El manejo malicioso del concepto “libertad” es otro instrumento de confusión. A los trabajadores asalariados –en realidad esclavos modernos–, se les hace creer que son libres, para que no sientan la necesidad de luchar por su verdadera libertad, que les permitiría recuperar lo que producen y evitar su enajenación; mucho menos imaginar tomar el poder político. A causa de esa ideología inducida, quienes perciben un ingreso un poco mayor (como los intelectuales), encuentran incómodo organizarse en un partido ¡en su propia defensa!, porque demanda disciplina, obligaciones, en una palabra, limitaciones de su malentendida “libertad”. Y caen en la trampa: “prefiero que me sigan explotando, y que exploten a otros, pero soy libre”. Schopenhauer, conspicuo promotor del individualismo, teoriza esto en su “dilema del erizo, la paradoja de las relaciones sociales”. Dice que, aunque para darse calor los erizos necesiten juntarse, sus espinas les separan de sus semejantes y les mantienen distantes.

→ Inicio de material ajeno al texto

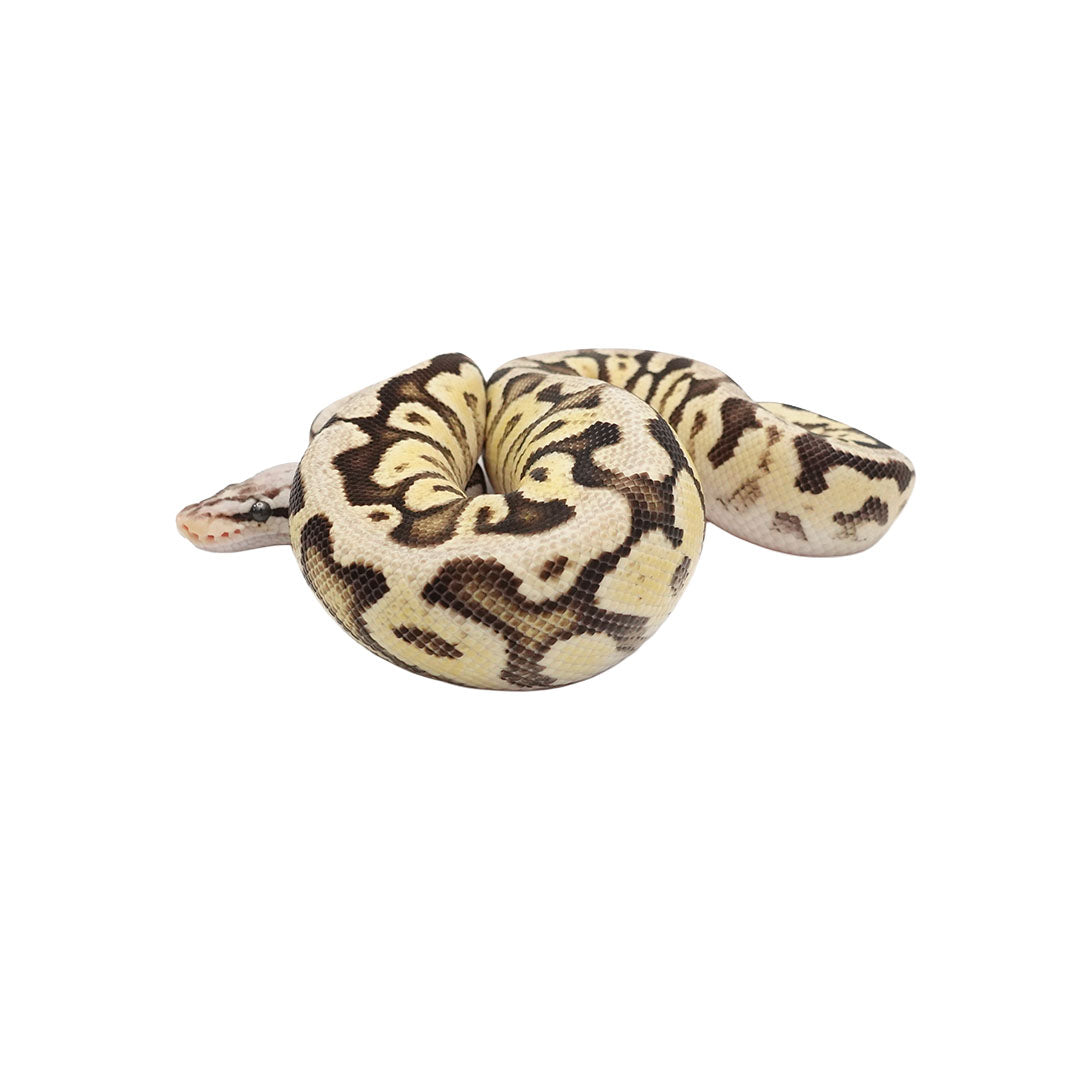 Super Pastel Fire Ball Python for Sale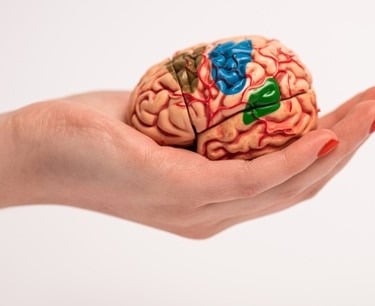 overview of brain -Amnesia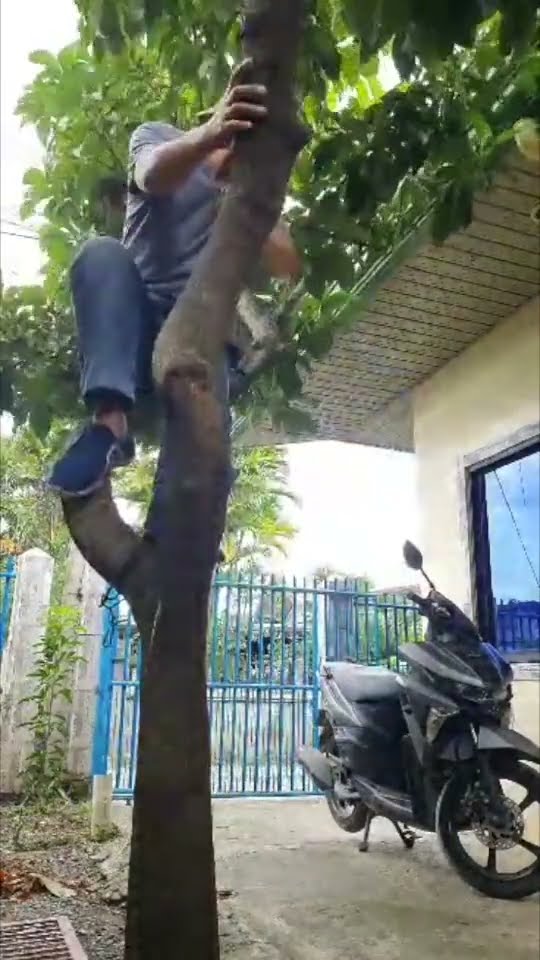 So Scary Funny Moments #magic #shortvideo #funny #entertainment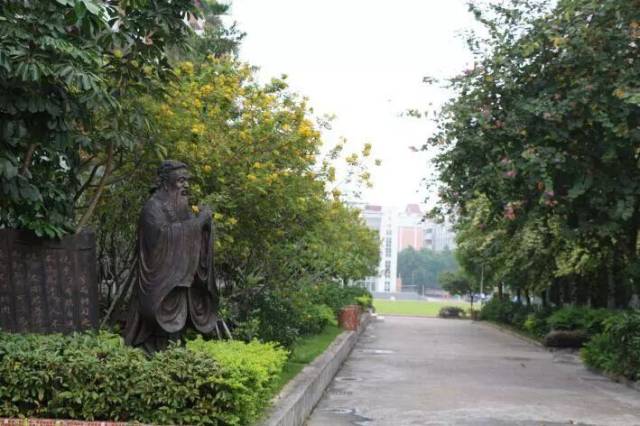 洛溪新城中学近期将对校园进行升级改造……你期待吗?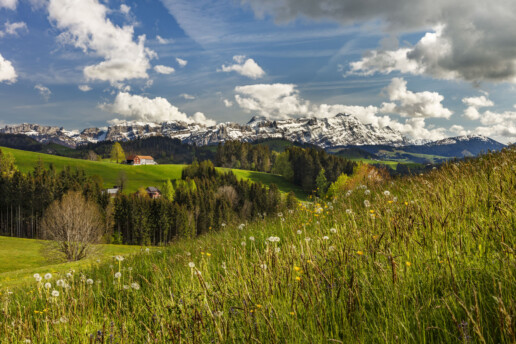 Abend, Alpen, Alps, Alpstein, Appenzell, Appenzell Ausserrohden, Appenzellerhaus, Aussicht, Bauerhaus, Bauernhof, Baum, Berg, Bergmassiv, Blumenwiese, Clouds, Frühling, Haus, Ortsbild, Ostschweiz, Schweiz, Spring, Streusiedlung, Suisse, Switzerland, Säntis, Teufen, Wiese, Wolken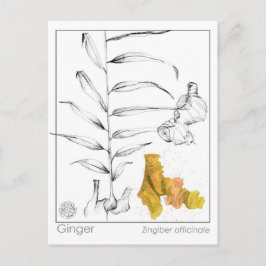 Ginger Materia Medica Kräuterstudie Postkarte
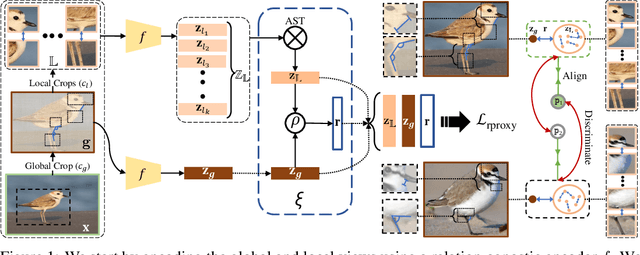 Figure 1 for Relational Proxies: Emergent Relationships as Fine-Grained Discriminators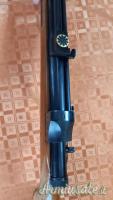 ArmaLite Olimpic  4.5/.177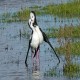 Photo of Pied Stilt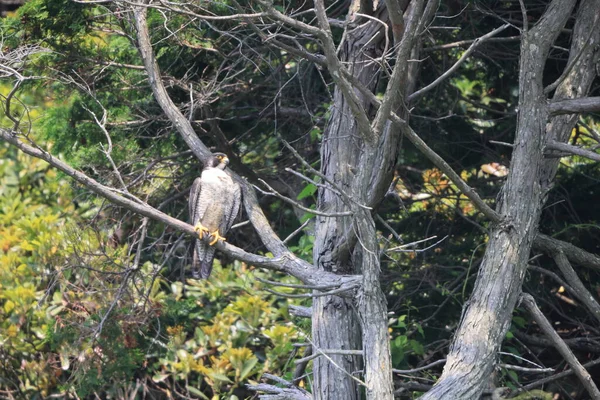 Sokół Wędrowny Falco Peregrinus Japonii — Zdjęcie stockowe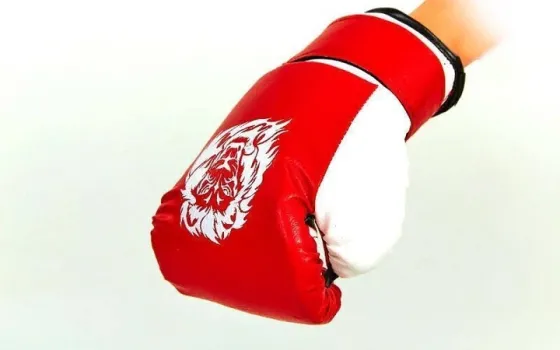 Дитячий боксерський набір (рукавиці+мішок) ЛЕВ Вишнёвое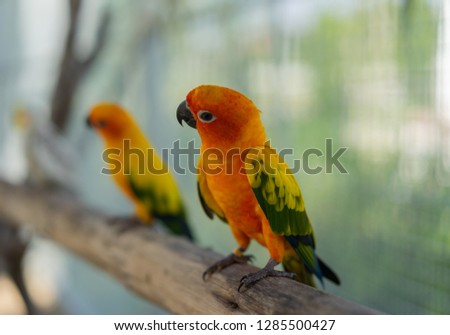 Cute colorful birds on a perch.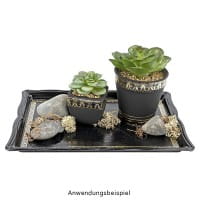 Deko-Sukkulenten, 6,5cm bis 9cm hoch, in weißem Blumentopf, 5 Stück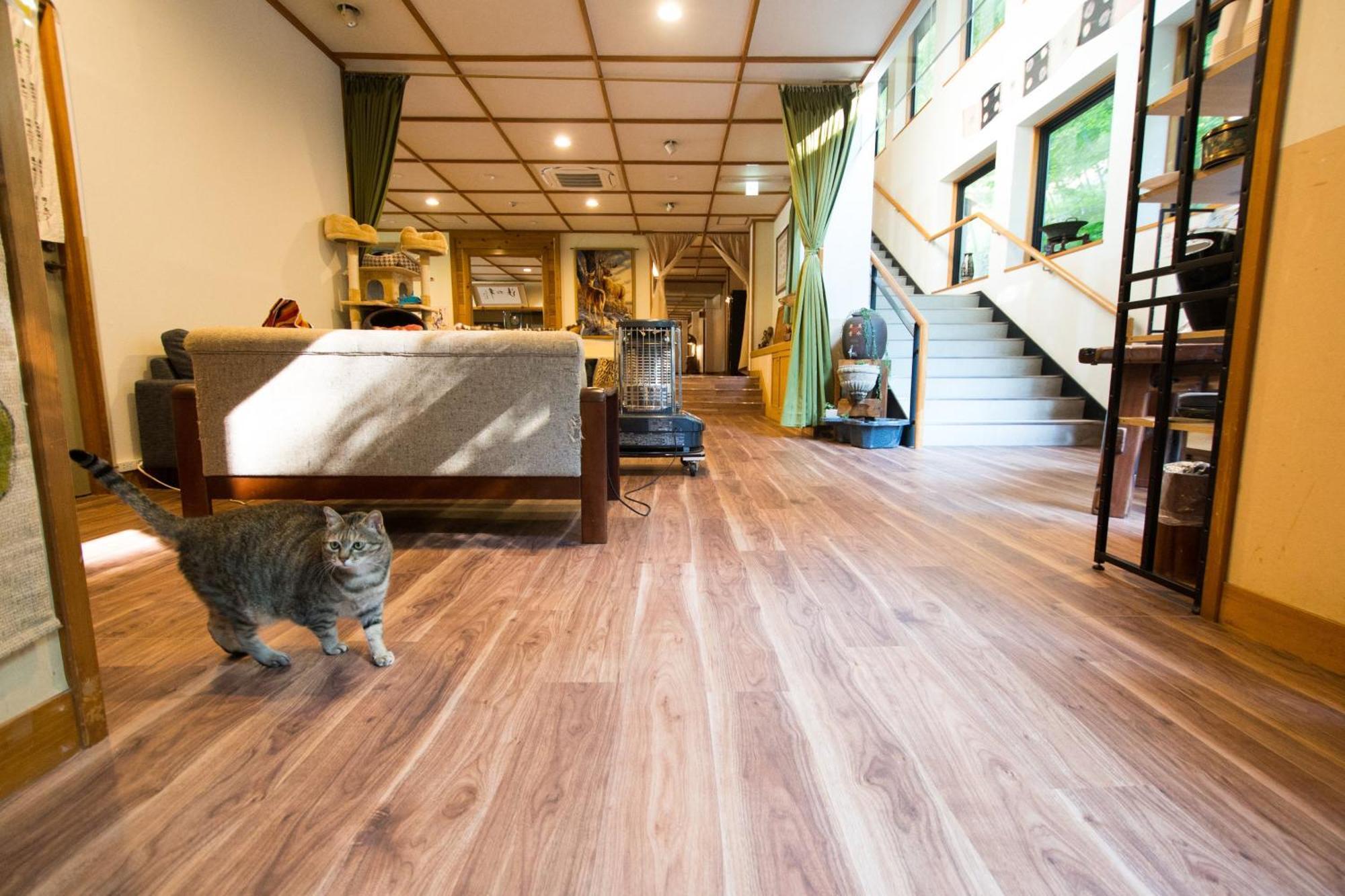 Akasawa Onsen Ryokan นาสุชิโอบาระ ภายนอก รูปภาพ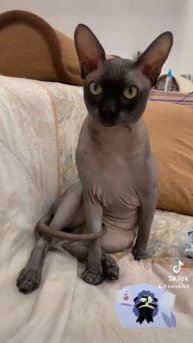 26 августа 2023 г.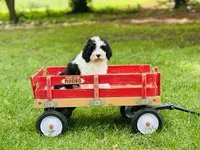 processed/f05f104c-cd7d-4124-a23a-6f6c314f8d34/listing/83abb721-bd31-4ae6-b8a3-02b87c8dad68/c50de577-df3e-4be3-b0a2-75e9f4717ac9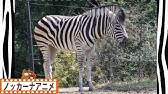 しまうま Zebra 発音 Sing And Speak Youtube しまうま Zebra 発音 Sing And Speak Youtube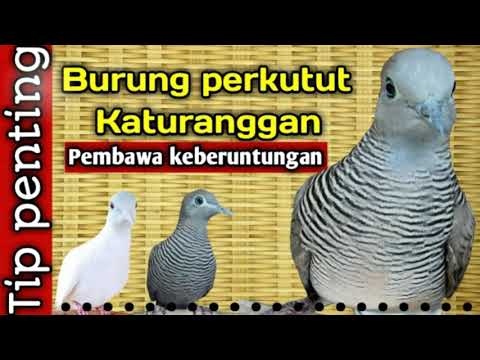 Видео: Финч шувууд: агуулгын онцлог шинж чанарууд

La tan pregonada como restringida libertad individual es una condición creada por el capital para que los trabajadores (antes formalmente esclavos o siervos de la gleba), sean libres de ir a donde gusten (más bien a donde se les necesite) a vender su fuerza de trabajo; es el así llamado “libre movimiento de los factores de la producción”. Es la libertad que permite la “liberalización financiera”, para que los capitales migren sin restricciones; es el libre mercado y la desregulación; en suma, la anarquía en la producción, causante de múltiples desgracias, como las crisis de sobreproducción. El empresario goza de absoluta libertad para decidir sobre la economía, aun afectando a la sociedad.
Estas son solo algunas armas del arsenal filosófico de la economía capitalista. Y sirven para configurar una sociedad conformista y obediente, consumidora desenfrenada (salvo que no tenga para comprar), y legitimar un orden social injusto. Adormecen la conciencia de los pueblos y les hacen pensar que este es el único mundo posible: es más, el mejor de los mundos, privándoles así de toda esperanza. Son, pues, telarañas en ojos y mente de los pueblos, telarañas que deben ser arrancadas por el bien de la sociedad toda.